Lo que era evidente es que las mujeres españolas de la época estaba muy influidas por el clero por varias razones. La Iglesia tenía un control social y educativo fuerte, especialmente en colegios y escuelas de monjas, donde se inculcaban valores conservadores y obediencia. Además, muchas mujeres vivían en entornos rurales o tradicionales donde la autoridad religiosa marcaba normas morales, culturales y familiares. La moral católica dominaba la vida cotidiana, desde la educación hasta las decisiones sociales, lo que llevaba a que el clero tuviera un peso decisivo en sus ideas políticas y preferencias electorales.
Su postura le valió críticas y la enemistad de algunos detractores, que consideraron que su defensa del voto femenino pudo haber contribuido a la victoria de los partidos conservadores en las elecciones de 1933. A pesar de las dificultades y la inestabilidad política de la época, Campoamor continuó abogando por la igualdad de género y defendiendo los derechos de la ciudadanía femenina.
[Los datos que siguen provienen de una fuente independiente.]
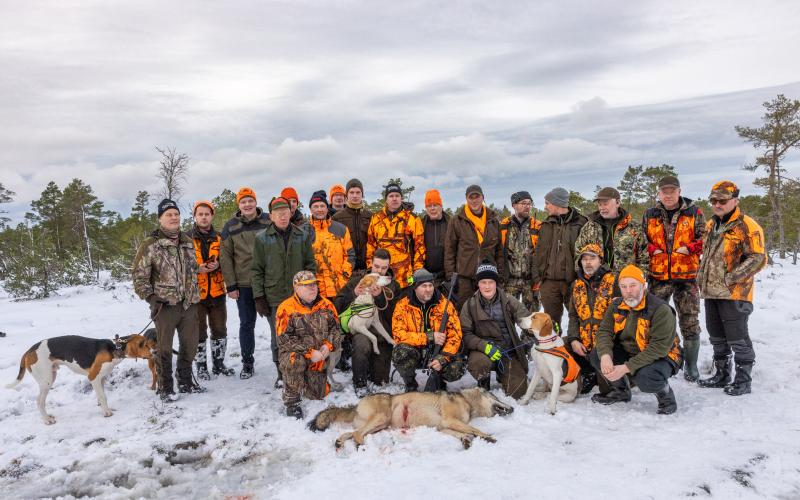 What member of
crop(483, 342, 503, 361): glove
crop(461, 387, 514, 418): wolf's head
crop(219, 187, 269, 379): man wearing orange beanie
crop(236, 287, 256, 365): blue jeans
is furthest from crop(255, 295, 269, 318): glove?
crop(483, 342, 503, 361): glove

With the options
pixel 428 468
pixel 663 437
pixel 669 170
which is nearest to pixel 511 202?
pixel 663 437

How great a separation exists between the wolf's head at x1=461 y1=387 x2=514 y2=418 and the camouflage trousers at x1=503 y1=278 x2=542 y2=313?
2217mm

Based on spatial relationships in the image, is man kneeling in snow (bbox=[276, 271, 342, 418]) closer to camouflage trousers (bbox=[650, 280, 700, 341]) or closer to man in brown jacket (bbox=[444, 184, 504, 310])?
man in brown jacket (bbox=[444, 184, 504, 310])

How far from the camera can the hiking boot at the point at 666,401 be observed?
15.6ft

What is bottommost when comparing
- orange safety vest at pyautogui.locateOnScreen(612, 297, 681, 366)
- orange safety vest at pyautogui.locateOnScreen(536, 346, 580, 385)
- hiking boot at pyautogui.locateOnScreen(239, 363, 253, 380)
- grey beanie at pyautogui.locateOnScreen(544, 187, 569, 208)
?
hiking boot at pyautogui.locateOnScreen(239, 363, 253, 380)

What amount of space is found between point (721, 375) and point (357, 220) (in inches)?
213

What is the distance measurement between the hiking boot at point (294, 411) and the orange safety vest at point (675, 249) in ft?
15.8

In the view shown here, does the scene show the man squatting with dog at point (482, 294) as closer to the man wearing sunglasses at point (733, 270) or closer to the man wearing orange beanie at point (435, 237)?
the man wearing sunglasses at point (733, 270)

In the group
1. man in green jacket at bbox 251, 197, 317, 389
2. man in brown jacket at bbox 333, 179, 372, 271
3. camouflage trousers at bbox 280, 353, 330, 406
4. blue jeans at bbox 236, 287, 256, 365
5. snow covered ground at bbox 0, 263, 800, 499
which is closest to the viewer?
snow covered ground at bbox 0, 263, 800, 499

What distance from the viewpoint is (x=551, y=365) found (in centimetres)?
494

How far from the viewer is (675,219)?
5.62 metres

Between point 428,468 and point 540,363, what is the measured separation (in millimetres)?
1984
Tras la debacle de la Segunda República y antes del fin de la Guerra Civil española, Campoamor se exilió a Argentina, donde siguió promoviendo la igualdad y participando en actividades políticas y sociales. A lo largo de su vida dejó su impronta como pionera en la lucha por los derechos civiles de la mujer en España y fuera de ella. Su influencia se ha mantenido como ejemplo de valentía y determinación en la búsqueda de la justicia social y la equidad.
En el terreno personal fue muy reservada. No se casó ni mantuvo una vida sentimental conocida públicamente, y nunca tuvo hijos. Su energía se volcó en su profesión, en sus estudios y en su compromiso político, ámbitos a los que dedicó prácticamente toda su vida.